How your baby's growing:
By this week, your baby weighs two and a quarter pounds (like a Chinese cabbage) and measures 14.8 inches from the top of her head to her heels. She can blink her eyes, which now sport lashes. With her eyesight developing, she may be able to see the light that filters in through your womb. She's also developing billions of neurons in her brain and adding more body fat in preparation for life in the outside world.
Note: Every baby develops a little differently - even in the womb. Our information is designed to give you a general idea of your baby's development.
How your life's changing:
You're in the home stretch! The third and final trimester starts this week. If you're like most women, you'll gain about 11 pounds this trimester.
At this point, you'll likely visit your doctor or midwife every two weeks. Then, at 36 weeks, you'll switch to weekly visits.
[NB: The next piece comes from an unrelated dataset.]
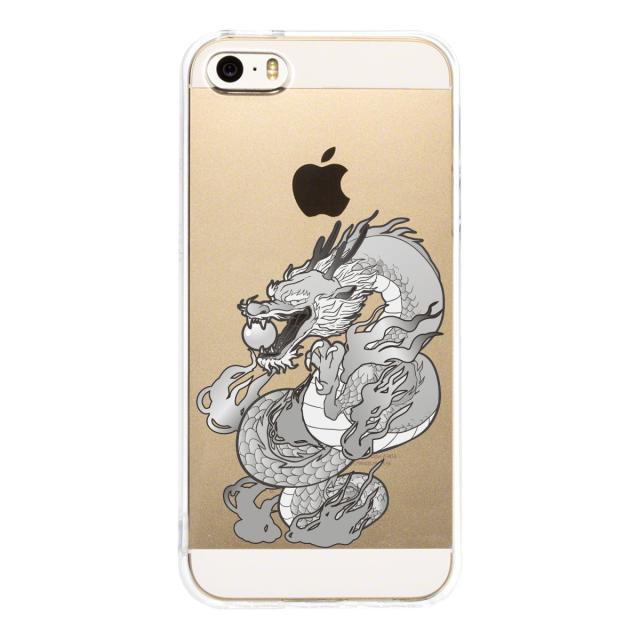 iPhone5 iPhone5s ケース クリア 龍 4 スマホケース ハード スマホケース ハード 送料無料-2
Depending on your risk factors, your practitioner may recommend repeating blood tests for HIV and syphilis now, as well as doing cultures for chlamydia and gonorrhea, to be certain of your status before delivery. Also, if your glucose screening test result was high and you haven't yet had follow-up testing, you'll soon be given the 3-hour glucose tolerance test. And if the blood work done at your first prenatal visit showed that you're Rh negative, you'll get an injection of Rh immunoglobulin to prevent your body from developing antibodies that could attack your baby's blood. (If your baby is Rh positive, you'll receive another shot of Rh immunoglobulin after you give birth.)
Around this time, some women feel an unpleasant "creepy-crawly" sensation in their lower legs and an irresistible urge to move them while trying to relax or sleep. If this sensation is at least temporarily relieved when you move, you may have what's known as restless legs syndrome (RLS). No one knows for sure what causes RLS, but it's relatively common among expectant mothers. Try stretching or massaging your legs, and cut down on caffeine, which can make the symptoms worse. Ask your caregiver if you should try iron supplements, which can sometimes relieve RLS.
3 Questions About Preeclampsia
Preeclampsia is a complex disorder that affects 3 to 8 percent of pregnant women. A woman is diagnosed with preeclampsia if she has high blood pressure and protein in her urine after 20 weeks of pregnancy. Most women who get preeclampsia develop a mild version near their due date, and they and their babies do fine with proper care. But when preeclampsia is severe, it can affect many organs and cause serious or even life-threatening problems. The only way to get better is to deliver the baby.
What are the symptoms of preeclampsia?
Preeclampsia can come on suddenly, so it's very important to be aware of the symptoms. Call your midwife or doctor right away if you notice any of these warning signs:
Swelling in your face or puffiness around your eyes, more than slight swelling of your hands, or excessive or sudden swelling of your feet or ankles. • Rapid weight gain - more than 4 pounds in a week.
- Severe or persistent headache
- Vision changes, including double vision, blurred vision, seeing spots or flashing lights, sensitivity to light, or temporary loss of vision
- Intense pain or tenderness in your upper abdomen
- Nausea and vomiting
Preeclampsia can occur without any obvious symptoms, particularly in the early stages, and some symptoms may seem like normal pregnancy complaints. So you might not know you have the condition until it's discovered at a routine prenatal visit. This is one of the reasons it's so important not to miss your appointments.
What puts me at high risk for preeclampsia?
It's more common to get preeclampsia for the first time during a first pregnancy. However, once you've had preeclampsia, you're more likely to develop it again in later pregnancies. Other risk factors include:
- Having chronic hypertension
- Having certain blood clotting disorders, diabetes, kidney disease, or an autoimmune disease like lupus
- Having a close relative (a mother, sister, grandmother, or aunt, for example) who had preeclampsia
- Being obese (having a body mass index of 30 or more)
- Carrying two or more babies
- Being younger than 20 or older than 40
Is there any way I can avoid getting preeclampsia?
No one knows for sure how to prevent preeclampsia, although there's a lot of research going on in this area. A number of studies have looked into whether taking extra calcium, vitamins, or a low dose of aspirin can help, but the results have been mixed. For now, the best thing you can do is get good prenatal care and keep all your prenatal appointments. At each visit your healthcare provider will check your blood pressure and test your urine for protein. It's also important to be aware of the warning signs of preeclampsia so that you can alert your caregiver and get treated as soon as possible.
This Week's Activity:
Choose a doctor for your baby. Get names of pediatricians or family practitioners from friends, co-workers, neighbors, or your pregnancy caregiver. Make sure the doctor accepts your health insurance, keeps hours that work with your schedule, and has an office that's convenient for you. If you can, schedule face-to-face interviews with your top candidates. If it seems too early to be thinking about this, consider that your baby will have his first doctor's visit shortly after birth.